Frightening new data on the state of American entrepreneurship has been uncovered by a Brookings Institution report released earlier this week.

According to the data – which explored the creation and destruction of U.S. businesses over the past three-and-a-half decades – American “dynamism” is on the wane.

“Business churning and new firm formations have been on a persistent decline during the last few decades, and the pace of net job creation has been subdued,” the report states.

How subdued? From 2009-11, businesses folded faster than they were created – the first time that’s ever happened.

The Brookings’ researchers refer to economic dynamism as “the process by which firms continually are born, fail, expand, and contract.” It’s a key measurement of innovation – which obviously includes creative destruction as part of the cycle.

“Research has firmly established that this dynamic process is vital to productivity and sustained economic growth,” they note. “Entrepreneurs play a critical role in this process, and in net job creation.”

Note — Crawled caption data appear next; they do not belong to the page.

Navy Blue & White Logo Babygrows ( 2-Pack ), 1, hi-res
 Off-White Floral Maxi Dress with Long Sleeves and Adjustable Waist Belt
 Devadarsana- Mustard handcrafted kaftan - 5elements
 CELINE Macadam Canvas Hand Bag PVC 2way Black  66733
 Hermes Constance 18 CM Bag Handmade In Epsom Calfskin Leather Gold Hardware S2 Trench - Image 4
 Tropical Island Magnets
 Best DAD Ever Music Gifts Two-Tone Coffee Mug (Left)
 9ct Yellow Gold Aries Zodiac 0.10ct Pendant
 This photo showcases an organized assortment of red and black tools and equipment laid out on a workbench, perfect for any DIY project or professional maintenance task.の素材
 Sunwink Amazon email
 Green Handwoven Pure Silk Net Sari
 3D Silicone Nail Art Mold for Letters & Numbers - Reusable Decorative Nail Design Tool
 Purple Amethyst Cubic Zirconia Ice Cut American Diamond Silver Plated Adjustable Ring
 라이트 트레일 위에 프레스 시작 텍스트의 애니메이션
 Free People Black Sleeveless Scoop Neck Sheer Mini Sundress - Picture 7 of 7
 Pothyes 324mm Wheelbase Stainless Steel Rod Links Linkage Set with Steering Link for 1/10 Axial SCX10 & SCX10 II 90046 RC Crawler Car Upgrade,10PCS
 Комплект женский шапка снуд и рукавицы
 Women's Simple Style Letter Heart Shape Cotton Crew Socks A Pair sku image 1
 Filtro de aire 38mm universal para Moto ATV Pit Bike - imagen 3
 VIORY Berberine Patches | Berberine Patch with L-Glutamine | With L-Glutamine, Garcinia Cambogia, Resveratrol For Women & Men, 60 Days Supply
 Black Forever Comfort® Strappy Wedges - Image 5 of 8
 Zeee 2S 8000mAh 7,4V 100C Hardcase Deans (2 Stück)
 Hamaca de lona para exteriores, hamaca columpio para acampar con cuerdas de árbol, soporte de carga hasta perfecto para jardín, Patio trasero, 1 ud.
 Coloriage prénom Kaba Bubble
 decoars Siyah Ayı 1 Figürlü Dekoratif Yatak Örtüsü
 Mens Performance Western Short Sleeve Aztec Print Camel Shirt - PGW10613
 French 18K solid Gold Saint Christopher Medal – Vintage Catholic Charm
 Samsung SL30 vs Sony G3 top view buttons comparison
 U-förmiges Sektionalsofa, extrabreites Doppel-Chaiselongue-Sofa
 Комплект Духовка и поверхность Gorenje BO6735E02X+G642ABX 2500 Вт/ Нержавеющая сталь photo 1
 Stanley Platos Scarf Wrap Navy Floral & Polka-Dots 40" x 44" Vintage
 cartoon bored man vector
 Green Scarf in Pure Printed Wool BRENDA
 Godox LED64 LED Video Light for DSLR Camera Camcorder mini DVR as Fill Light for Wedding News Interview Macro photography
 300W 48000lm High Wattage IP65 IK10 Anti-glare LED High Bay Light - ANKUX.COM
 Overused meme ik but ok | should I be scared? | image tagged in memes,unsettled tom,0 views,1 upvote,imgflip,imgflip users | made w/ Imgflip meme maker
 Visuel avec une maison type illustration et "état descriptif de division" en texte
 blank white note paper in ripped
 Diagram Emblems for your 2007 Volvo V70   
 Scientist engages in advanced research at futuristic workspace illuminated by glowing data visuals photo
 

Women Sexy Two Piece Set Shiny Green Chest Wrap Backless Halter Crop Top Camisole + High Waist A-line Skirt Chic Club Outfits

Duh … which is why we’ve specifically advocated for tax relief that benefits entrepreneurs, most of whom are incorporated as sole proprietorships, partnerships or limited liability corporations (meaning they pay the federal government’s oppressive individual income tax).

We’ve long argued that such relief is much better for the economy than government doling out corporate bailouts and other targeted taxpayer-funded incentives to select corporations.